The ruling came in a lawsuit filed by former Morgan County Jail Warden Leon Bradley against Franklin and a number of her then-deputies.
The 11th Circuit Court of Appeals rejected the defendants' claims that the behavior alleged by Bradley was covered by immunity protections afforded to law enforcement officers. They were appealing a lower court ruling that rejected their efforts to have the lawsuit dismissed.
“This view requires an extraordinarily broad view of absolute immunity that would effectively immunize any conduct when the sheriff flashes his or her badge,” the court wrote. “The district court correctly rejected this view because Alabama law does not provide such infinite immunity.”
Bradley was arrested in March of 2017, accused of tampering with government documents.

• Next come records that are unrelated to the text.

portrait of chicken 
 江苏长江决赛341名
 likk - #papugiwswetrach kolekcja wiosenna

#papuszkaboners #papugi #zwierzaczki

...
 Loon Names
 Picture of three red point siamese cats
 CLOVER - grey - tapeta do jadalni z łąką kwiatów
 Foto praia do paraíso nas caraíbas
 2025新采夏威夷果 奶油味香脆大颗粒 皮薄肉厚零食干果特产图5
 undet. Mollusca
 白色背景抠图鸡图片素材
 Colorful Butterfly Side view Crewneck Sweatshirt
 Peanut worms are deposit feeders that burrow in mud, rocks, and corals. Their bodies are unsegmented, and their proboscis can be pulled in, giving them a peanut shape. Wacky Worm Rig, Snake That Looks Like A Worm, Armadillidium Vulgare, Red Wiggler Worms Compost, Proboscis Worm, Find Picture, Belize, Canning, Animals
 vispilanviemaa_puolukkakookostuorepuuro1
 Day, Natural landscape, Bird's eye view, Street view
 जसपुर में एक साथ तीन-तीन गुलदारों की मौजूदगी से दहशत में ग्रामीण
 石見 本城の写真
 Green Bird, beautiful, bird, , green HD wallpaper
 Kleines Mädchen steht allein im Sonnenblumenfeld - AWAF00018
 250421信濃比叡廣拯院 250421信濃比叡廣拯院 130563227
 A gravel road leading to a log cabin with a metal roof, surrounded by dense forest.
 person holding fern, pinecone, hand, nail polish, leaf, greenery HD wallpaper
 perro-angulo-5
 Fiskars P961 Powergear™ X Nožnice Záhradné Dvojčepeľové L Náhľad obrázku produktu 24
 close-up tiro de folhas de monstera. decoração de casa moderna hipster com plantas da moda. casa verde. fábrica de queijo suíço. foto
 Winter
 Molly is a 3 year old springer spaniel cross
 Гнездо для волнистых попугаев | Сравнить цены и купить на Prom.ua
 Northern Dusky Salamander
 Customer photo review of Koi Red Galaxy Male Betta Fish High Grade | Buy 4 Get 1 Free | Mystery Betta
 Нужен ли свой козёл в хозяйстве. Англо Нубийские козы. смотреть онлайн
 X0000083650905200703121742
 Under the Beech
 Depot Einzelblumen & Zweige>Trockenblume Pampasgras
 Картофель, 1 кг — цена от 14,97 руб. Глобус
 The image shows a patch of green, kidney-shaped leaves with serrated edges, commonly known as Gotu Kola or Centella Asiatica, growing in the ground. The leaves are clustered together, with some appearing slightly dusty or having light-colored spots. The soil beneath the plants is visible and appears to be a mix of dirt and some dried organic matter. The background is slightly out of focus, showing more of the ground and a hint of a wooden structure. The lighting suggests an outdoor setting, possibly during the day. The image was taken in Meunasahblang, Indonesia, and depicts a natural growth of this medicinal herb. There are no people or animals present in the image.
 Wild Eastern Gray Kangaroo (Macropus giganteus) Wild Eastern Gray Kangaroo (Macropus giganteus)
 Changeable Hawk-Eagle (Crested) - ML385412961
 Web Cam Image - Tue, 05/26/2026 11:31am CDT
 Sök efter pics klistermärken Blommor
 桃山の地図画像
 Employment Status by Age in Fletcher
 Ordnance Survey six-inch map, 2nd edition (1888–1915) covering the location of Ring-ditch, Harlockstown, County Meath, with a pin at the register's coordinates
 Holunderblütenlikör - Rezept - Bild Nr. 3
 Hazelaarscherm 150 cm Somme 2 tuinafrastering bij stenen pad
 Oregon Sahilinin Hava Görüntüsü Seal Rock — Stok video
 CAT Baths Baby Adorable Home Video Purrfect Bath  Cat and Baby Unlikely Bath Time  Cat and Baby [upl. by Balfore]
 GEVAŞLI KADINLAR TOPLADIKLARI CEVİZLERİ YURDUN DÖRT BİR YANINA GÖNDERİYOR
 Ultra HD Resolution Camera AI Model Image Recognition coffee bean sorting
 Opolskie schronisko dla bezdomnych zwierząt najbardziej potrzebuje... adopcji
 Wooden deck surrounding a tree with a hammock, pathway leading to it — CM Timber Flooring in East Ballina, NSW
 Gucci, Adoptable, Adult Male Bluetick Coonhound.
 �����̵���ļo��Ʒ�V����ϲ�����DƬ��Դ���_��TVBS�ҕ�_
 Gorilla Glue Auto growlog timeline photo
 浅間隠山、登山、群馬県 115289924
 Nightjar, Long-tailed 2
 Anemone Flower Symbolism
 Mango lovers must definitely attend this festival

The arrest appeared tied to a long-running feud between Franklin and a Morgan County blogger who’d been critical of the sheriff and her deputies, alleging financial misconduct.
The criminal charges against Bradley were later dismissed and a Morgan County judge found that Franklin and an investigator had misled the court in getting a search warrant and encouraged illegal entry by a private citizen into blogger Glenda Lockhart’s business.
The court today noted the lengths the sheriff’s office went to in pursuing the blogger and Bradley.
“Rather, the alleged activities paint a picture of a lengthy conspiracy to defraud the taxpayer, use public funds for personal gain, and punish anyone who threatened to publicize their activities,” the court wrote. “As the district court noted, the defendants cannot explain how these allegations would fit within the scope of their employment.”
The court also rejected the defendants’ argument that they were entitled to qualified immunity, which the court said is designed to protect officials engaged in duties that do not violate the law or a person’s rights that a reasonable person would understand.
“It is harder to think of a better example of knowingly violating a plaintiff’s constitutional rights than the allegation, which we are bound to accept as true, that the defendants facilitated the installation of an unauthorized keylogger on Bradley’s computer, misled a judge to secure an invalid search warrant, then raided Bradley’s home,” the court wrote. “Said another way, these allegations are the antithesis of the type for which one might be entitled to ‘good faith’ immunity. As such, the district court properly denied qualified immunity to the defendants.”
Along with Franklin, the defendants are Robert Wilson, Blake Robinson and Justin Powell.
WHNT News 19 spoke with two attorneys who represent Franklin in the case. They say they disagree with the courts' decision, but believe the principle of law involved in the decision is a correct one. Her defense team says it is ready to move forward with the case and start the discovery process which they say will spell out the facts in the case that the courts have not yet been briefed on.